L195: Please provide a short description of HORZYZON. Also, please cite the original publication, as required when using the code (Steger et al., 2022).
L 229: I might have missed it, but it is unclear to me how you distinguish between alpha_ice, alpha_firn, and alpha_snow based on the Landsat-based pixel data. How does this vary temporally and spatially?
L 254-258: Am I understanding correctly that “COSIPY model output” here does not only refer to mass balance, but also to other model outputs, such as the albedo simulated by the COSIPY albedo model (Eq. 5)? If so, the wording might be confusing.
L304: It would be helpful to already name LHS1 and LHS2 here (as defined in Table 1).
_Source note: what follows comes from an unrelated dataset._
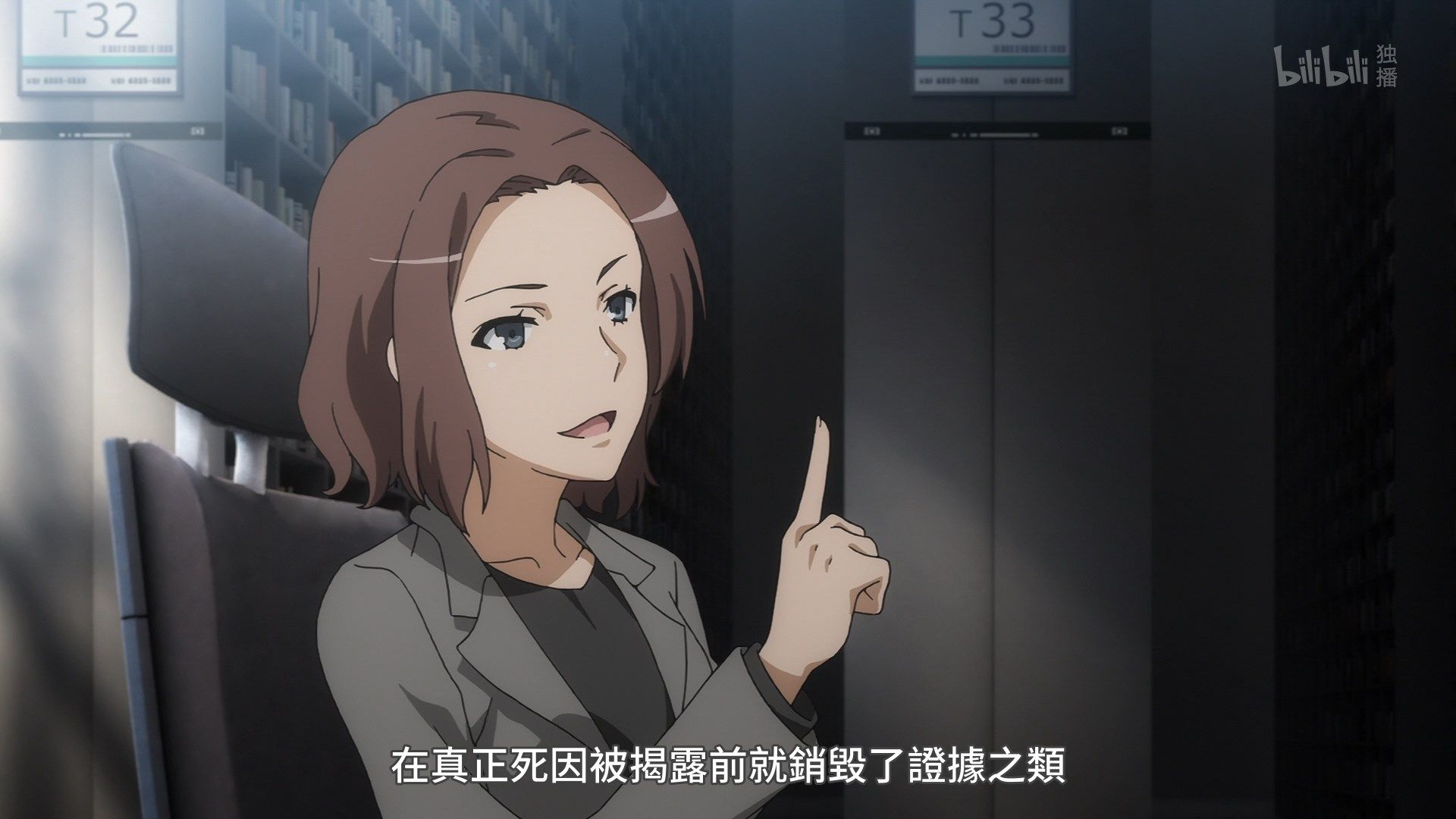  photo Lilith-Raws Toaru Kagaku no Railgun S03 - 09 BiliBiliWEB-DL1080pAVC AACCHTMKV.mkv_snapshot_08.48.jpg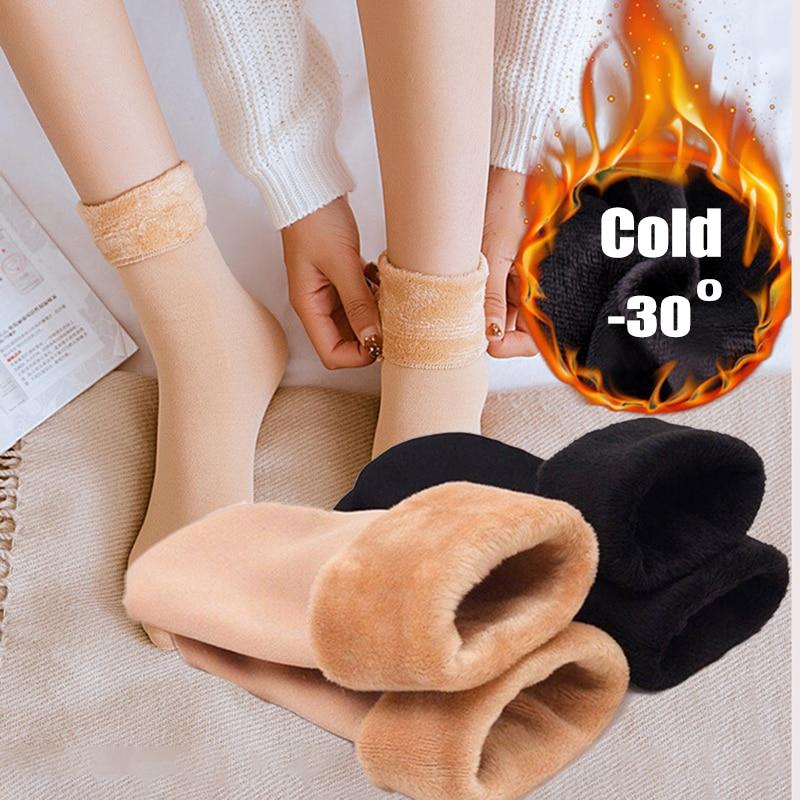 Calzini da donna da uomo Calzini da neve caldi invernali Calzini ispessiti Aggiungi velluto solido Lolita Rugiada Caviglia Gamba nuda Divertimento felice Harajuku Kawai Sox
Figure 7: In the caption, it might improve readability to explicitly mention “ENS MEDIAN” and “95% CI”.
L 472: Typo
L510: Could you expand on what is meant by the “misrepresentation of surface albedo”? What do you think is the main issue here, for example, the simple decay-type albedo parameterization, limitations in the Landsat data (e.g., cloud cover leading to irregular observations or the 16-day revisit time), or something else?
L 542: Brackets appear twice
L545–L547: It might be useful to briefly mention here that glacier albedo has been observed to decrease with climate change (e.g., Williamson et al., 2025). This would also highlight that capturing interannual variability in the albedo simulations is important, not only intra-annual variability.
Section 4.3: I find this future work section very helpful and thorough.
L629: The mismatches between observed and simulated mass balance gradients are attributed here to linear lapse rates, but other factors could also contribute, so the wording may be somewhat misleading.
L640: I am wondering whether you applied any temporally-guided averaging of the Landsat observations (e.g., monthly or multi-month averages). This might help here.
L649: This is a very interesting observation: the “impact of parameter uncertainty is small compared to that of the forcing data.” I wonder whether there is a simple test or short analysis that could help quantify this effect.
References:
Draeger, C., Radić, V., White, R. H., and Tessema, M. A.: Evaluation of reanalysis data and dynamical downscaling for surface energy balance modeling at mountain glaciers in western Canada, The Cryosphere, 18, 17–42, https://doi.org/10.5194/tc-18-17-2024, 2024.
Steger, C. R., Steger, B. and Schär, C. (2022): HORAYZON v1.2: an efficient and flexible ray-tracing algorithm to compute horizon and sky view factor, Geosci. Model Dev., 15, 6817–6840, https://doi.org/10.5194/gmd-15-6817-2022
Shannon, S., Smith, R., Wiltshire, A., Payne, T., Huss, M., Betts, R., Caesar, J., Koutroulis, A., Jones, D., and Harrison, S. (2019). Global glacier volume projections under high-end climate change scenarios. The Cryosphere, 13(1):325–350.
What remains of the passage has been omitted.